■ Supplied records ■
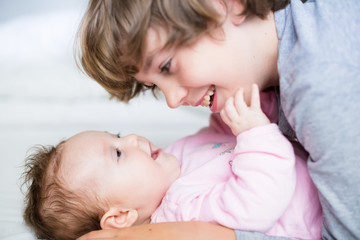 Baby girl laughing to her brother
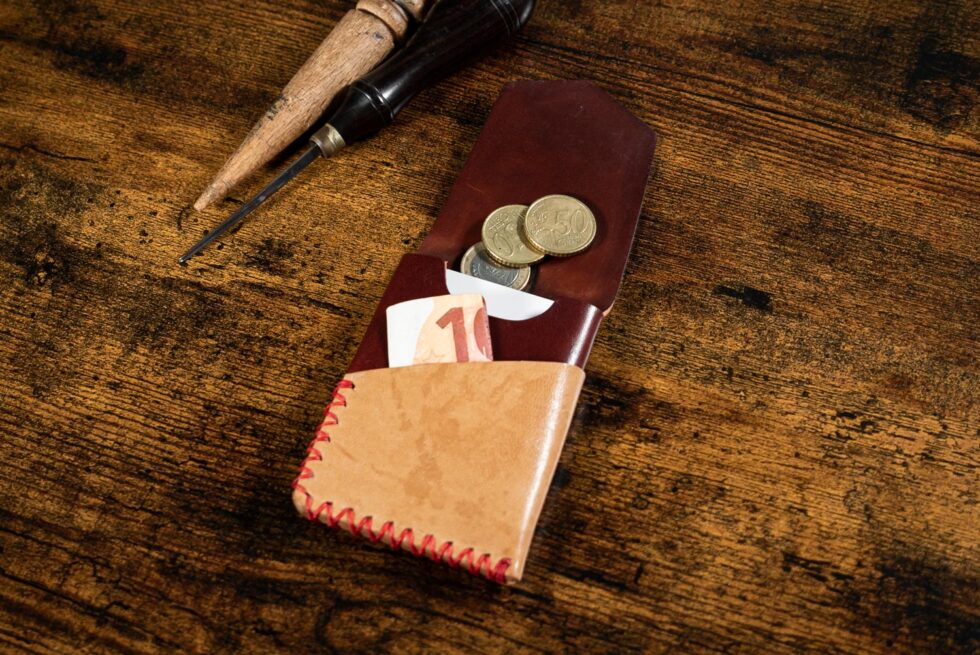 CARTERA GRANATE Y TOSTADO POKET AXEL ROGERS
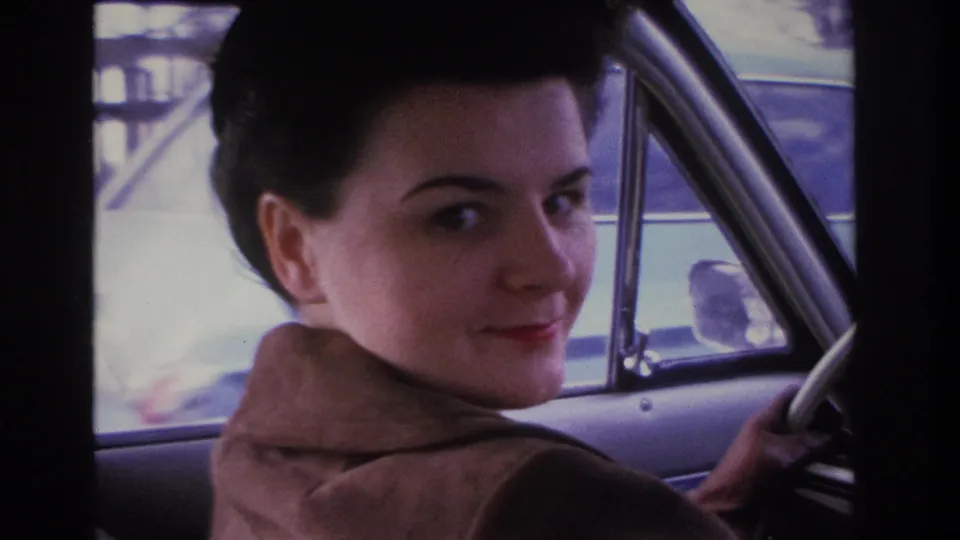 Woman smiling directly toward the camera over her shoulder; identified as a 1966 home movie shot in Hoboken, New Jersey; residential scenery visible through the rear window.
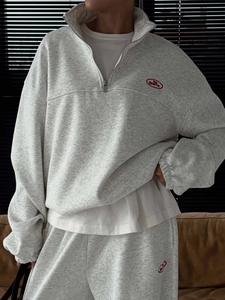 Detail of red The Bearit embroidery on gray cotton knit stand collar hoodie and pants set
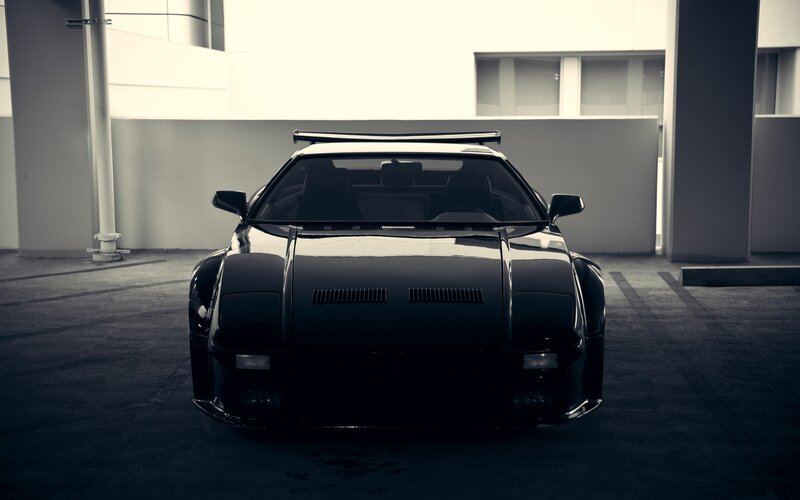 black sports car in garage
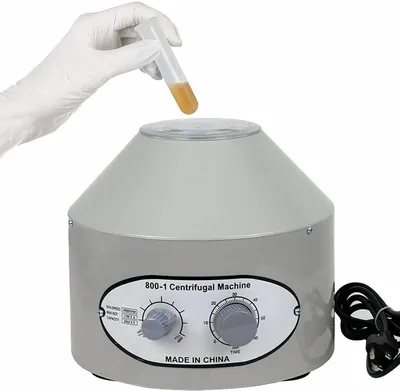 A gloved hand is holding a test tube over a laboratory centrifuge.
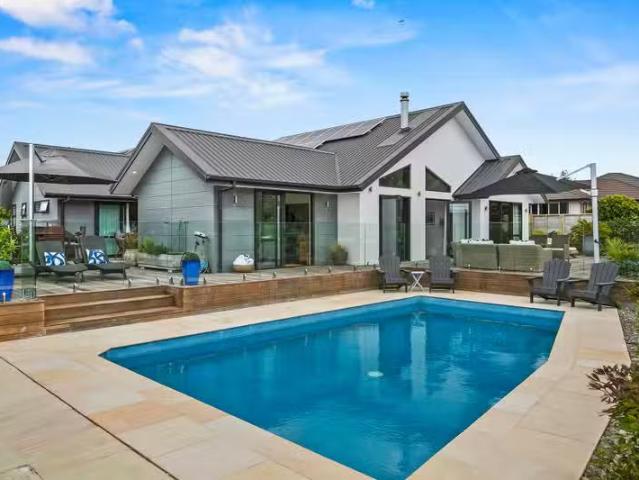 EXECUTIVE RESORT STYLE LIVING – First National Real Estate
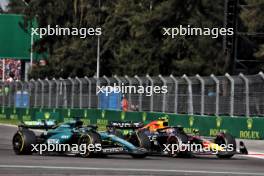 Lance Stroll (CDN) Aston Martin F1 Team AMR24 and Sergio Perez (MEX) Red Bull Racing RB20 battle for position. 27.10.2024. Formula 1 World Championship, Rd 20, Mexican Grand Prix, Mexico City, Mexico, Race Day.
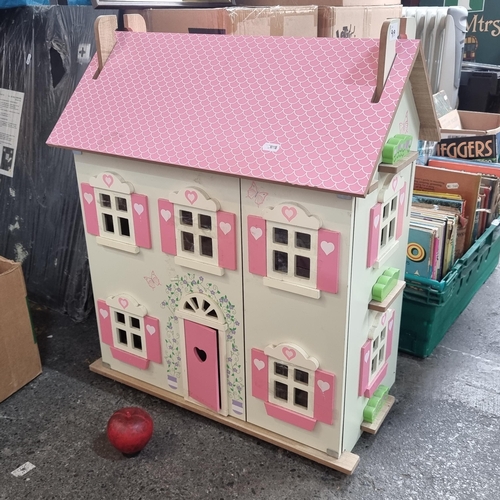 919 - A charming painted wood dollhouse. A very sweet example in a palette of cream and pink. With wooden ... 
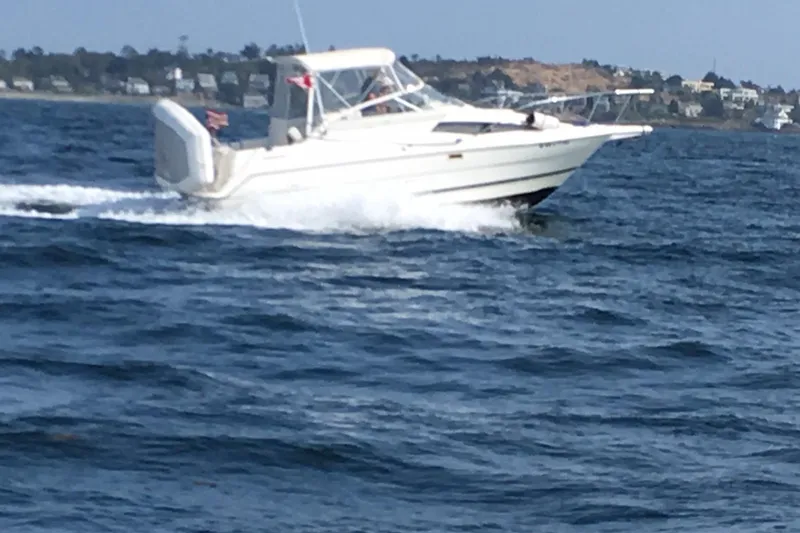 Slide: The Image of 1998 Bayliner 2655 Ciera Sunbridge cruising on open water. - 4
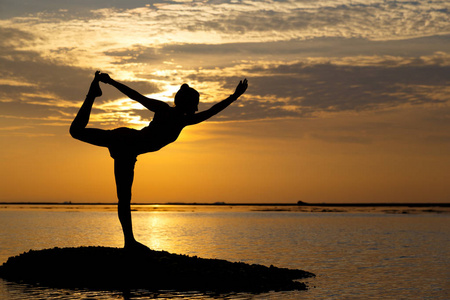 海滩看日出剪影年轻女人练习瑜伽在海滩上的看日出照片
---
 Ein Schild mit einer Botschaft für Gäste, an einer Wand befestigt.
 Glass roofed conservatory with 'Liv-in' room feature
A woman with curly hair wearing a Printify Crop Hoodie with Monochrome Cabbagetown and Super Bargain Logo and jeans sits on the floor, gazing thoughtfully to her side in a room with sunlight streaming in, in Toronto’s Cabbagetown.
...
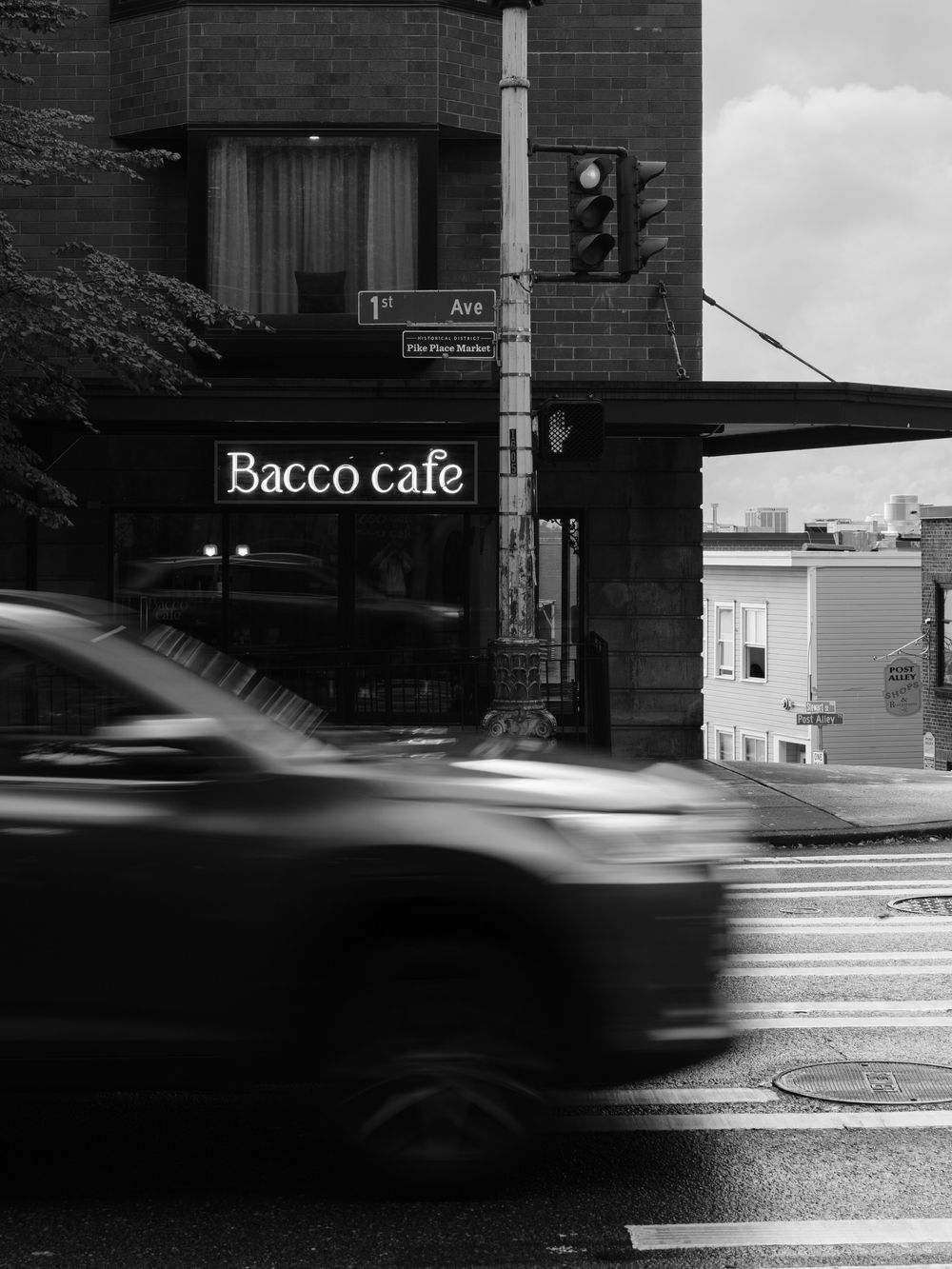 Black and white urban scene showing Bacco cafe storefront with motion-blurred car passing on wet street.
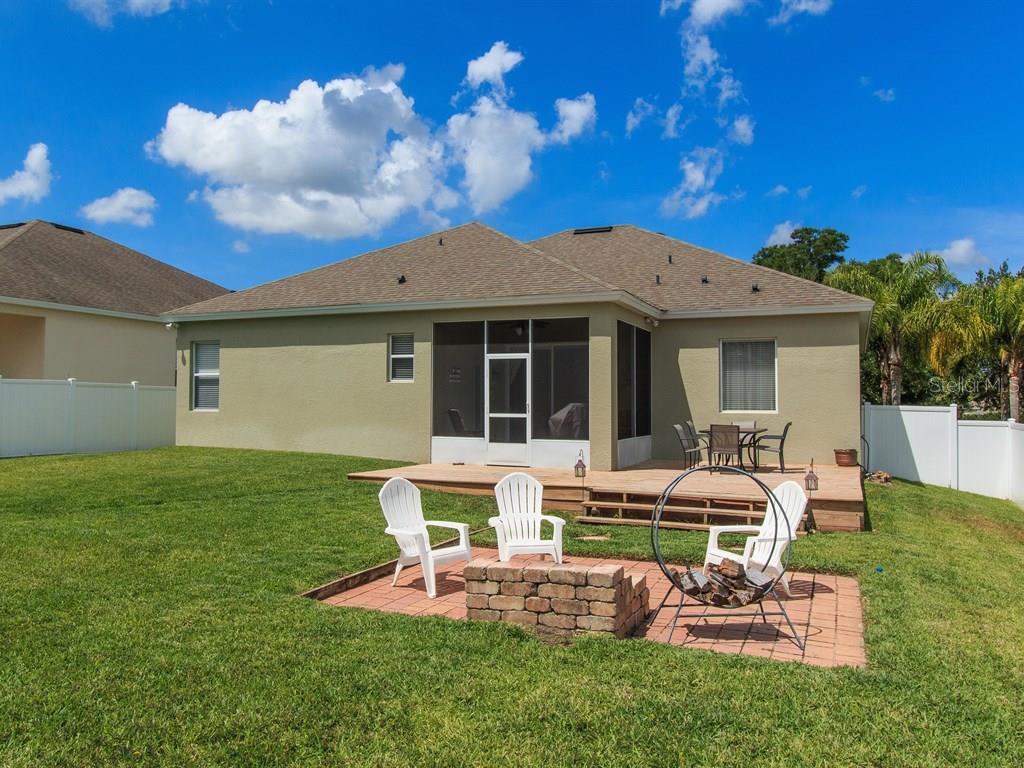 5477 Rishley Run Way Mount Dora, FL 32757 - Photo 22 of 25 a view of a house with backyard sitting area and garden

■ Task ■
The lines above that hold the word "room" are the ones to copy.

■ Answer section ■
 Glass roofed conservatory with 'Liv-in' room feature
A woman with curly hair wearing a Printify Crop Hoodie with Monochrome Cabbagetown and Super Bargain Logo and jeans sits on the floor, gazing thoughtfully to her side in a room with sunlight streaming in, in Toronto’s Cabbagetown.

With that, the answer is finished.